Suppose that $\mathrm{gcd}(a,a+b+c)=\mathrm{gcd}(b,a+b+c)=\mathrm{gcd}(c,a+b+c)=1$. Then for $n=k\cdot \phi(a+b+c)+1 \, (k=1,2, \ldots )$, where $\phi$ is Euler's function, we have: $$ (a^n+b^n+c^n)-(a^2+b^2+c^2)=a^2 (a^{n-1}-1) + b^2 (b^{n-1}-1) + c^2 (c^{n-1}-1), $$ where all round brackets are divisible by $a+b+c$ according to Euler theorem. Therefore $(a+b+c) \mid (a^n+b^n+c^n)$ for all these $n$.
Solution 3:
There's one more solution (it isn't mine). One can even prove that $(a + b + c) \mid (a^n + b^n + c^n)$ for all $n=3k+1$ and $n=3k+2$. It's enough to prove that $a + b + c \mid a^n + b^n + c^n$ => $a + b + c \mid a^{n+3} + b^{n+3} + c^{n+3}$. The proof is here: https://vk.com/doc104505692_416031961?hash=3acf5149ebfb5338b5&dl=47a3df498ea4bf930e (unfortunately, it's in Russian but it's enough to look at the formulae). One point which may need commenting: $(ab+bc+ca)(a^{n-2} + b^{n-2} + c^{n-2})$ is always divisible by $(a+b+c)$ (it's necessary to consider 2 cases: $(a+b+c)$ is odd and $(a+b+c)$ is even).
Solution 4:
If $a,b,c,n\in\Bbb Z_{\ge 1}$, $a+b+c\mid a^2+b^2+c^2$, then $$a+b+c\mid a^n+b^n+c^n$$
is true when $n\nmid 3$, but not necessarily when $n\mid 3$.

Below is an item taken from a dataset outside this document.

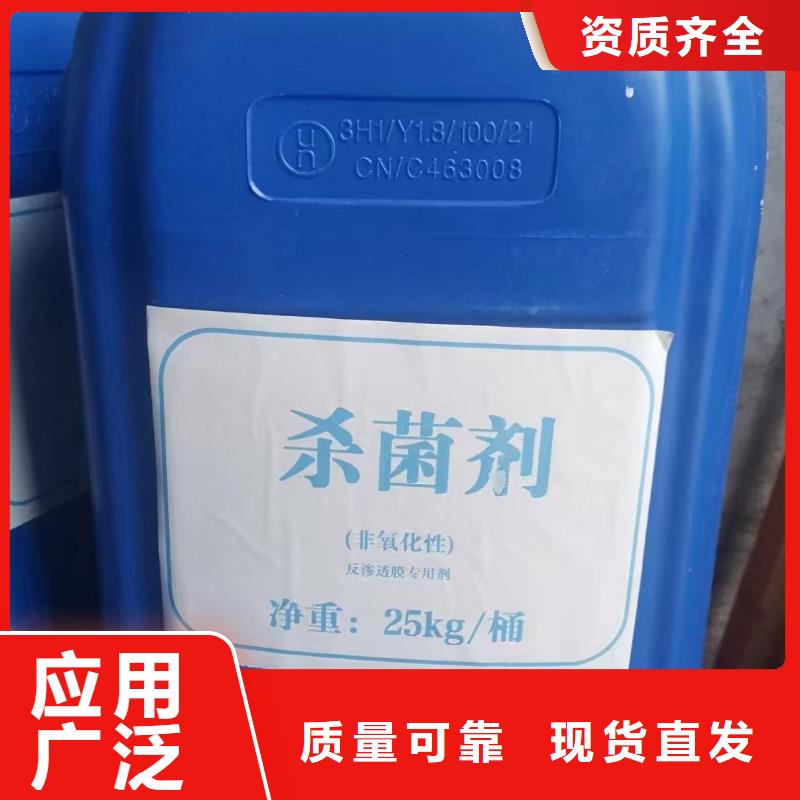水處理消泡劑嚴(yán)選好貨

$$x^2+y^2+z^2+2(xy+yz+zx)=(x+y+z)^2$$
$$\implies x+y+z\mid 2(xy+yz+zx)$$
$$\implies x+y+z\mid (x^k+y^k+z^k)(xy+yz+zx)$$
for all $k\ge 1$ (to see why, check cases when $x+y+z$ is even and when it's odd).
$$x^{n+3}+y^{n+3}+z^{n+3}=(x^{n+2}+y^{n+2}+z^{n+2})(x+y+z)$$
$$-(x^{n+1}+y^{n+1}+z^{n+1})(xy+yz+zx)+(x^n+y^n+z^n)xyz$$
for all $n\ge 1$. We know $$x+y+z\mid (x^{n+2}+y^{n+2}+z^{n+2})(x+y+z)$$
$$-(x^{n+1}+y^{n+1}+z^{n+1})(xy+yz+zx)$$
Now let $(x,y,z)=(x_1,y_1,z_1)=(1,3,9)$. $$x_1+y_1+z_1\nmid x_1^3+y_1^3+z_1^3$$ $$x_1+y_1+z_1\nmid \left(x_1^3+y_1^3+z_1^3\right)x_1y_1z_1$$ $$\implies x_1+y_1+z_1\nmid x_1^6+y_1^6+z_1^6$$
Since $x_1+y_1+z_1$ is coprime to $x_1,y_1,z_1$, we get $$x_1+y_1+z_1\nmid (x_1^6+y_1^6+z_1^6)x_1y_1z_1,$$
and so $x_1+y_1+z_1\nmid x_1^9+y_1^9+z_1^9$, etc.
Therefore $x+y+z$ cannot generally (for all $x,y,z\in\mathbb Z_{\ge 1}$) divide $x^{3m}+y^{3m}+z^{3m}$ for any given $m\ge 1$.
However, we easily get $x+y+z$ always divides $x^n+y^n+z^n$ for $n$ not divisible by $3$,
because $x+y+z\mid (x+y+z)xyz$ and $x+y+z\mid \left(x^2+y^2+z^2\right)xyz$,
because $x+y+z\mid x^2+y^2+z^2$ (given), so $x+y+z\mid x^4+y^4+z^4, x^5+y^5+z^5$,
so $x+y+z\mid \left(x^4+y^4+z^3\right)xyz, \left(x^5+y^5+z^5\right)xyz$,
so $x+y+z\mid x^7+y^7+z^7, x^8+y^8+z^8$, etc.